A Demigod's Number for the Rubik's Cube
Arturo Merino, Bernardo Subercaseaux
TL;DR
The paper tackles the long-standing Rubik's Cube diameter problem (God's Number) by introducing a reproducible, probabilistic bound of $D \le 36$, derived from the mean distance $\mu$ in vertex-transitive graphs via the relation $D < 2\mu$. It estimates $\mu$ through uniform sampling of random cube states and upper-bounding single-state distances with a solver, then applying a Hoeffding-type concentration bound to translate the empirical mean $\widehat{\mu}$ into a high-confidence diameter bound. The key contributions are (i) a simple, verifiable method to bound the cube's diameter, (ii) a general demonstration that vertex-transitive graphs have diameters at most twice their mean distance, and (iii) practical steps to reduce sample requirements while maintaining rigorous confidence. The approach offers a meaningful, reproducible alternative to the heavy computation behind the original God’s Number proof and suggests applicability to other puzzles and vertex-transitive graphs in evaluating diameters.
Abstract
It is well-known by now that any state of the $3\times 3 \times 3$ Rubik's Cube can be solved in at most 20 moves, a result often referred to as "God's Number". However, this result took Rokicki et al. around 35 CPU years to prove and is therefore very challenging to reproduce.
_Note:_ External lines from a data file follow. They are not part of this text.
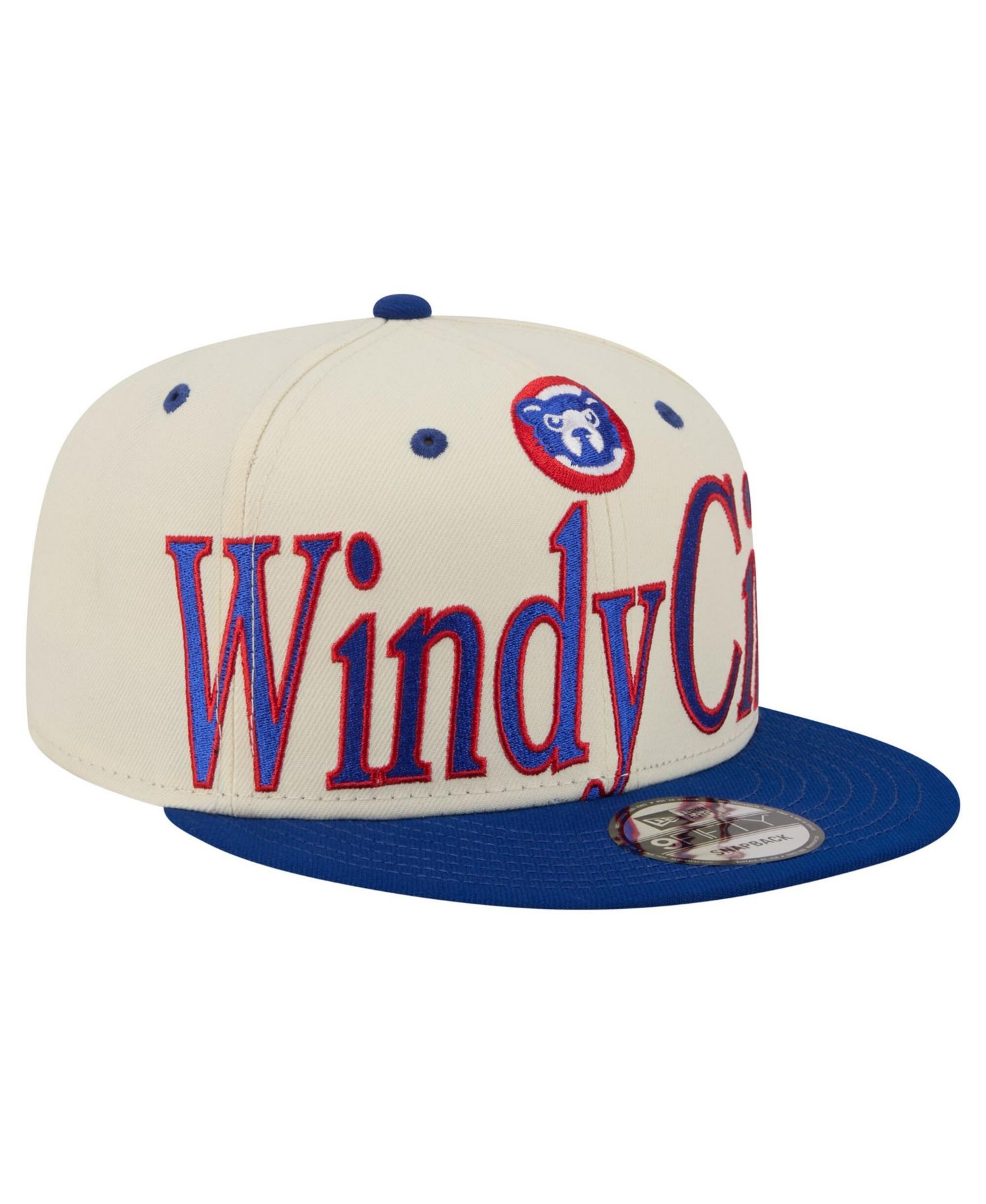 Men's Cream Chicago Cubs Oversized Slogan 9FIFTY Snapback Hat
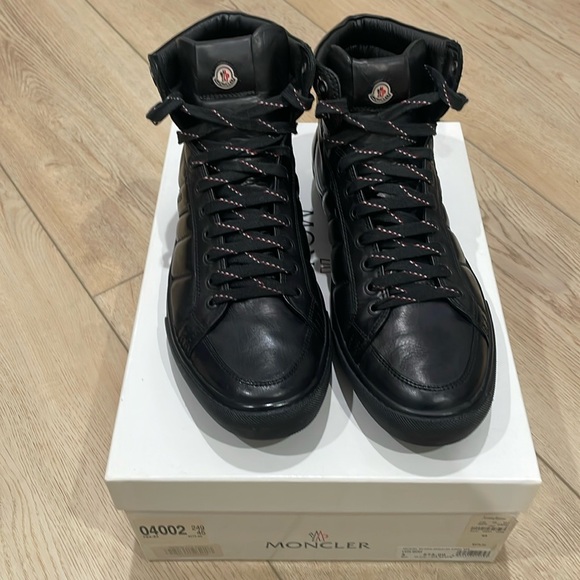 Moncler Black Leather Lyon Shoe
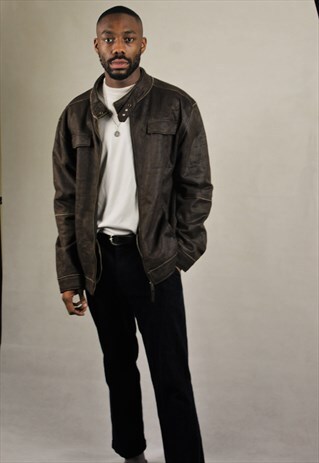 VINTAGE / SUEDE STYLE / FUR JACKET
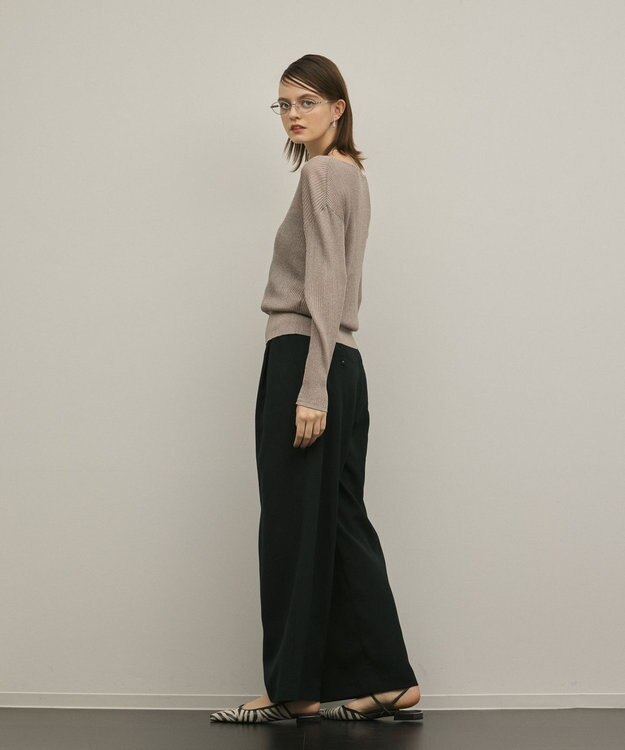 GRACE CONTINENTAL ラメリブクルーニットトップ グレー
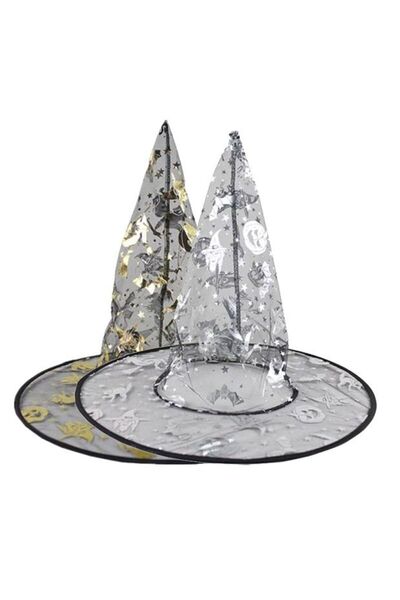 Pandoli Partidolu Çift Taraflı Ürkünçler Desenli İnce Tül Cadı Şapkası Renk Halloween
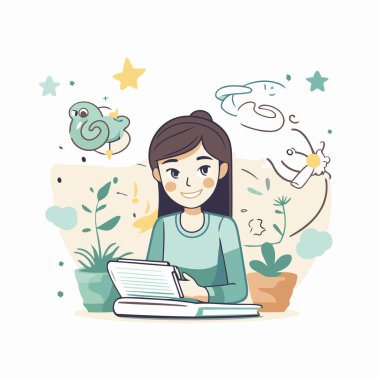 Evde ödev yapan genç bir kadın. Çizgi film tarzında vektör illüstrasyonu.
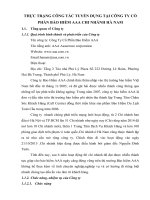 THỰC TRẠNG CÔNG tác TUYỂN DỤNG tại CÔNG TY cổ PHẦN bảo HIỂM AAA CHI NHÁNH hà NAM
We provide a novel approach to obtain a worse bound of 36 moves with high confidence, but that offers two main advantages: (i) it is easy to understand, reproduce, and verify, and (ii) our main idea generalizes to bounding the diameter of other vertex-transitive graphs by at most twice its true value, hence the name "demigod number". Our approach is based on the fact that, for vertex-transitive graphs, the average distance between vertices is at most half the diameter, and by sampling uniformly random states and using a modern solver to obtain upper bounds on their distance, a standard concentration bound allows us to confidently state that the average distance is around $18.32 \pm 0.1$, from where the diameter is at most $36$.